● Task input
↓

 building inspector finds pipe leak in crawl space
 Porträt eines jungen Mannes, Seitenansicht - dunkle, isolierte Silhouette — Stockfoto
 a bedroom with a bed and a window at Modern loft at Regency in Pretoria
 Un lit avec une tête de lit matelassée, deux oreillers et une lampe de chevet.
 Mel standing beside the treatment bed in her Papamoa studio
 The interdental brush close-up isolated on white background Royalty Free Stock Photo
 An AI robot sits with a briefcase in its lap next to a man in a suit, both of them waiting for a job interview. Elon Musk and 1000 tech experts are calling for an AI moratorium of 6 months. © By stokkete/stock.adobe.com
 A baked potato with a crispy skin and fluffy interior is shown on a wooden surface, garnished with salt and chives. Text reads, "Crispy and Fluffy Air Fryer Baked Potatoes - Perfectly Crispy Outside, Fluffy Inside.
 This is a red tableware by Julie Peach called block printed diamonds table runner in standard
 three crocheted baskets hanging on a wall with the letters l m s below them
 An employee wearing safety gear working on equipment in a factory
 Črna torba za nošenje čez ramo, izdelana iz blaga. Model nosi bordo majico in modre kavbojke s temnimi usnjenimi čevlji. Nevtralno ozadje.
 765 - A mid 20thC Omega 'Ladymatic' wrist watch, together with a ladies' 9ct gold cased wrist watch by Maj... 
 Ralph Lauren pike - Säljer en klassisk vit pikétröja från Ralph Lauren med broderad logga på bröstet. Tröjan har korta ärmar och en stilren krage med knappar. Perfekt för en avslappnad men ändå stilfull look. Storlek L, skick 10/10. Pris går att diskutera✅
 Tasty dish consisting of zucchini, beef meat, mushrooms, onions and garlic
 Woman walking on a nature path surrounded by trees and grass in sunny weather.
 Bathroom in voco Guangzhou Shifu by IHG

↑

● Task
Could you write out exactly the lines above, starting at the first one and ending with the line that has "The interdental brush"?

● Answer for the task
 building inspector finds pipe leak in crawl space
 Porträt eines jungen Mannes, Seitenansicht - dunkle, isolierte Silhouette — Stockfoto
 a bedroom with a bed and a window at Modern loft at Regency in Pretoria
 Un lit avec une tête de lit matelassée, deux oreillers et une lampe de chevet.
 Mel standing beside the treatment bed in her Papamoa studio
 The interdental brush close-up isolated on white background Royalty Free Stock Photo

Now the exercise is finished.